### Dataset excerpt ###
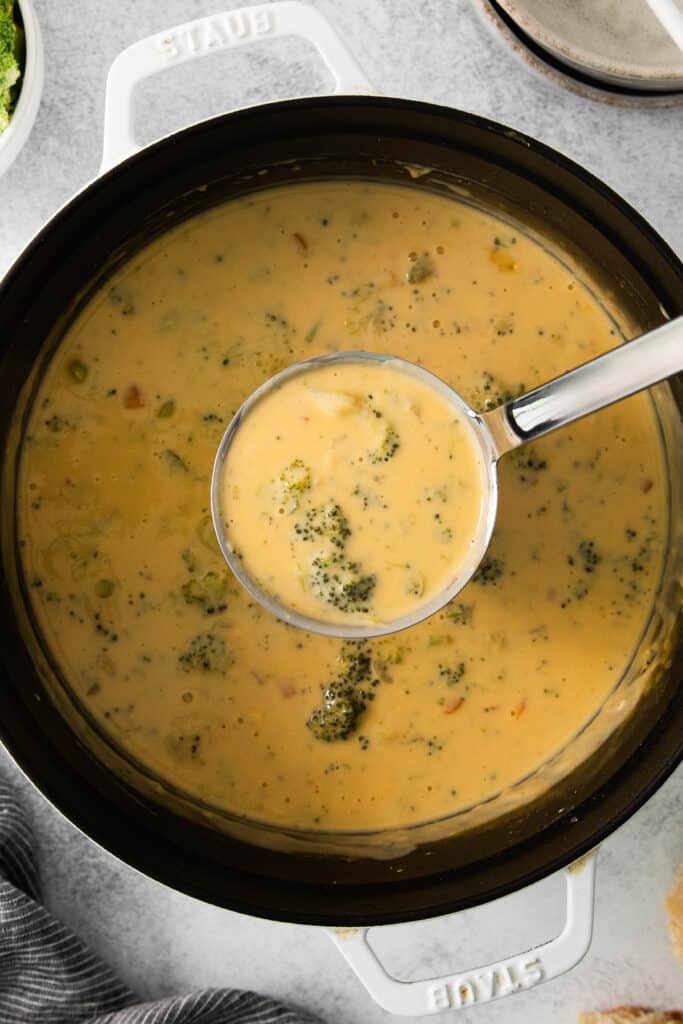 a bowl of broccoli and cheese soup with a spoon.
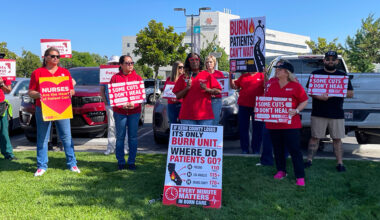 Nurses outside holding signs calling a halt of burn unit closure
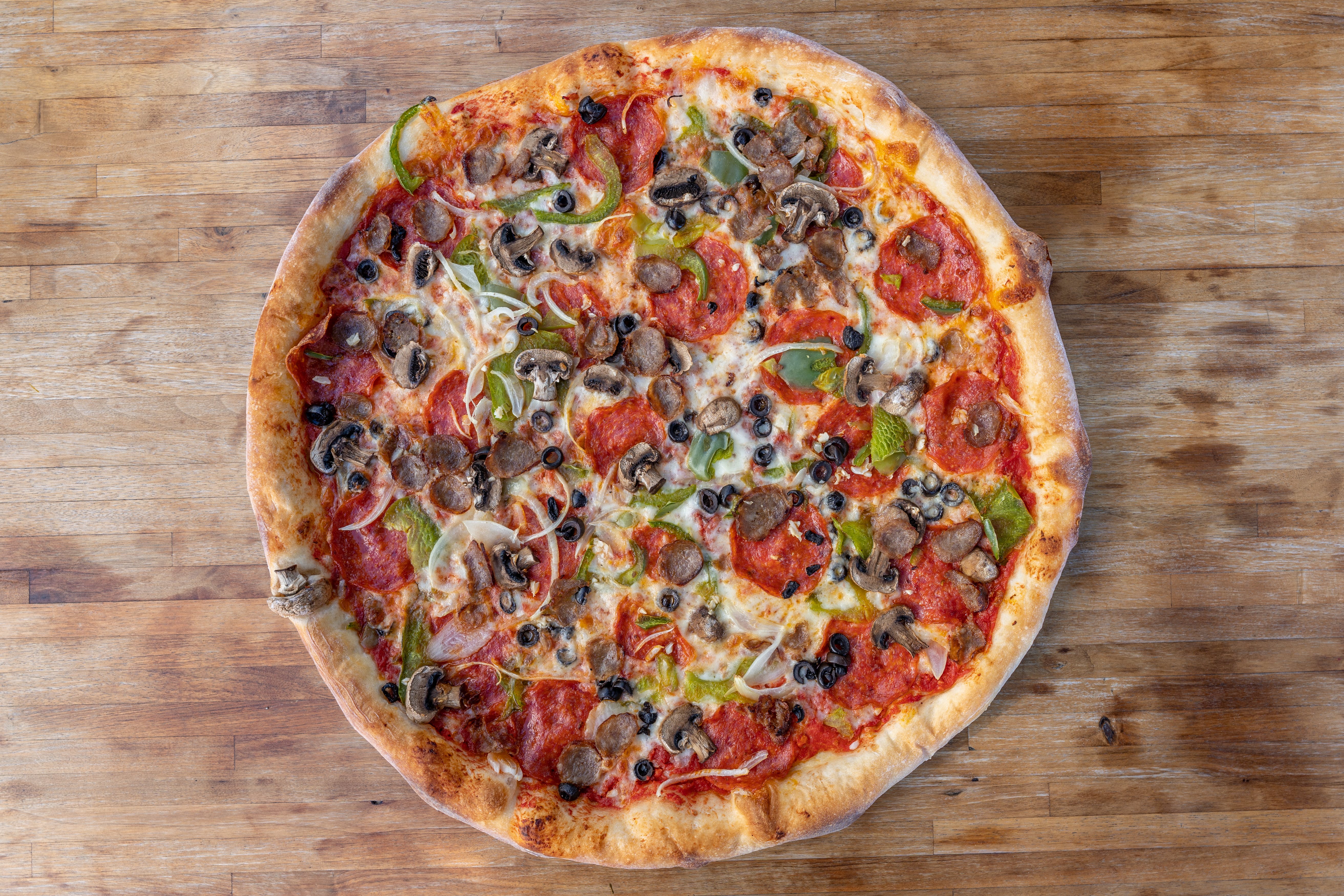 Order Supreme Pizza - 14'' food online from Ny Pizzeria Bonita store, Bonita on bringmethat.com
###
● **Problem description**: Please print the line that contains "Nurses outside holding" along with every later line of the material, exactly, through the last one. Leave pictures out of the copy.

● **Solution for this problem**:
 Nurses outside holding signs calling a halt of burn unit closure
 Order Supreme Pizza - 14'' food online from Ny Pizzeria Bonita store, Bonita on bringmethat.com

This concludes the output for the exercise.